Um caso envolvendo confeiteiros cristãos que se negaram a fazer um bolo para um casamento gay voltou a causar rebuliço na sociedade europeia. Só que dessa vez, surpreendentemente, um ativista LGBT defendeu a liberdade religiosa.
Daniel e Amy McArthur, cristãos, proprietários da padaria Ashers, em Belfast, na Irlanda do Norte, receberam um pedido, em maio de 2014, de um ativista gay chamado Gareth Lee, para um bolo com os bonecos Bert e Ernie, do programa Vila Sésamo, com a frase “em apoio ao casamento entre homossexuais”.
Por se recusarem a atender o pedido, foram processados por Lee, que é membro de um grupo LGBT chamado QueerSpace [uma referência à teoria que deu origem à ideologia de gênero].
Na ocasião, a Comissão de Igualdade da Irlanda do Norte disse que iria tomar medidas legais contra a padaria Ashers, pois o caso tem implicações mais amplas para as leis de igualdade e discriminação na Irlanda do Norte: “Este caso levanta questões de importância pública, à medida em que os fornecedores de bens e serviços podem recusar um pedido em razão da orientação sexual, crença religiosa e de opinião política”, dizia um comunicado.
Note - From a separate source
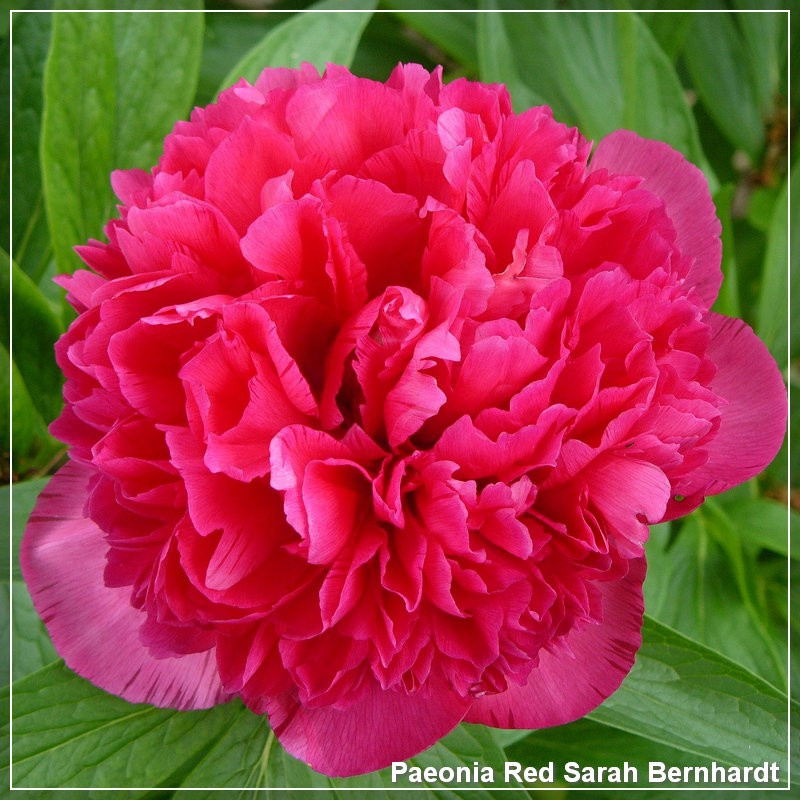 Paeonia Red Sarah Bernhardt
O proprietário afirmou que não iria recuar e que este caso seria mais uma “batalha entre Davi e Golias”: “[A padaria] Ashers Baking Company está disposta a servir a qualquer cliente, independentemente do seu estilo de vida sexual. Mas nós não queremos ser obrigados a promover uma causa que é contra as nossas crenças bíblicas”, disse McArthur.
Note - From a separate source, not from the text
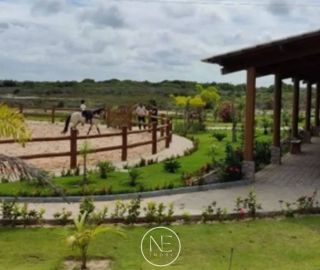 Lote à Venda na Fazenda Real – Abaís/SE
O caso voltou à tona essa semana, pois uma audiência estava agendada, mas a Procuradoria-geral pediu adiamento, para avaliar se não haveria questões legais ignoradas durante o processo, como conflitos entre leis locais e a legislação da Comunidade Europeia, segundo o Belfast Telegraph.
No jornal The Guardian, um renomado ativista gay publicou um artigo alegando ter mudado de ideia a respeito do caso: “Por mais que eu queira defender a comunidade gay, eu também quero defender a liberdade de consciência, de expressão e de religião”, escreveu Peter Tatchell.
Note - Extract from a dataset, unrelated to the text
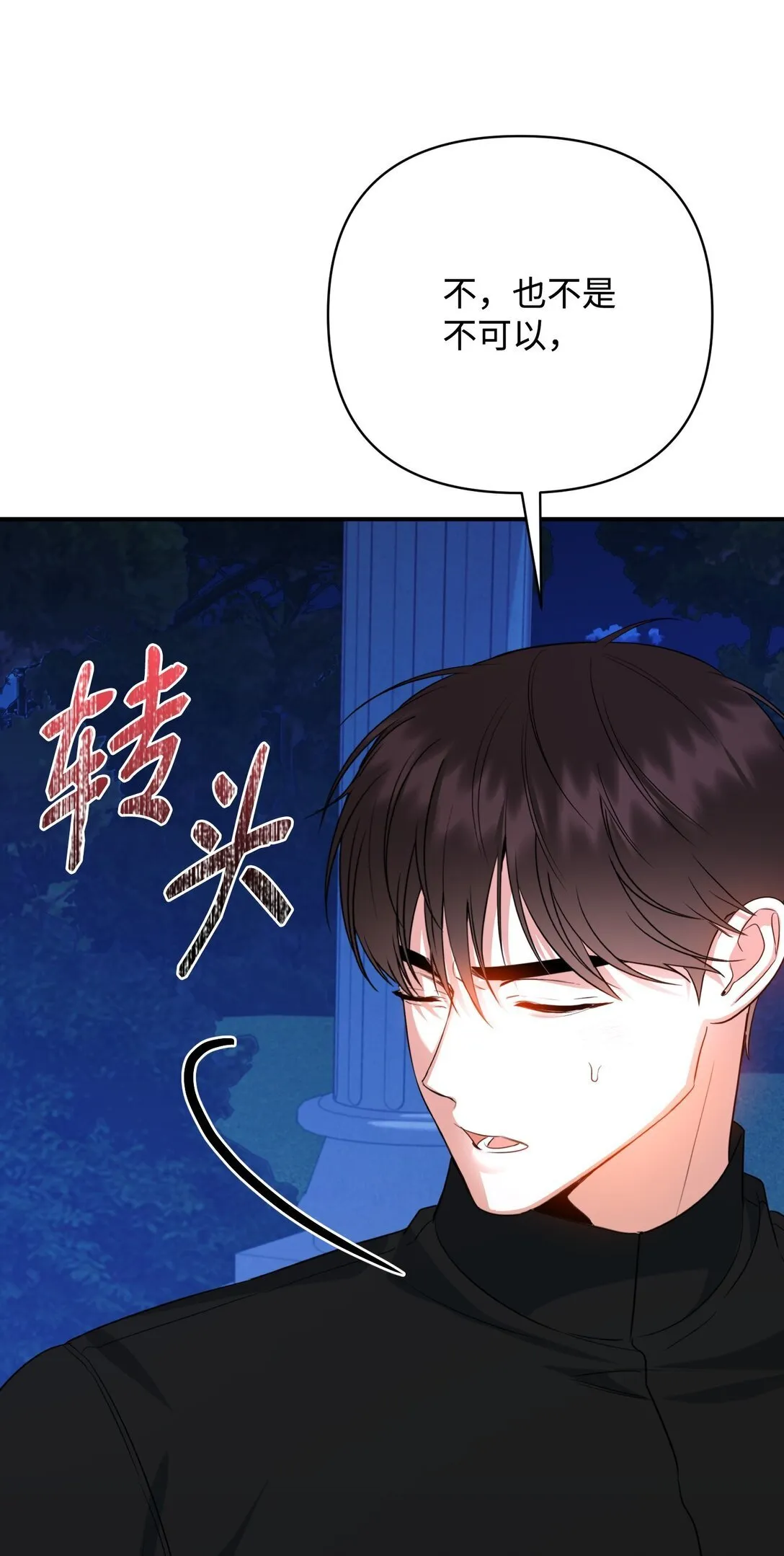 50 夜会阳台 第20页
“Na minha opinião, exigir que as empresas ajudem a promover ideias às quais se opõem é uma violação de suas liberdades. A discriminação contra as pessoas deve ser ilegal, mas é um direito delas, se opor a ideias”, afirmou. A declaração vai no mesmo sentido da defesa apresentada por McArthur, que argumentou que não recusa atender homossexuais, apenas não quer ser obrigado a endossar um princípio do qual não participa.
Até agora, a padaria apenas foi multada em £500, que é equivalente a R$ 2.810,00 na cotação dessa quinta-feira, 04 de fevereiro, mas os proprietários recorreram. Nesse contexto, o ativista gay que saiu em defesa dos confeiteiros afirmou que a multa “estabelece um precedente preocupante”, que pode gerar repercussões inesperadas.
“Isso levanta questões, como: gráficas muçulmanas deveriam ser obrigadas a publicar caricaturas de Maomé; ou os judeus seriam obrigados a publicar as palavras de alguém que nega o Holocausto; ou até mesmo confeiteiros gays seriam obrigados a aceitar encomendas de bolos com insultos homofóbicos?”, questionou. “Se o veredito da Ashers permanecer o mesmo, isto pode, por exemplo, incentivar extremistas de direita exigir que as padarias e outras prestadoras de serviços facilitem a promoção de opiniões anti-imigrantistas e anti-muçulmanas. Isto deixaria as empresas incapazes de se recusarem a decorar bolos ou imprimir cartazes com mensagens intolerantes”, pontuou.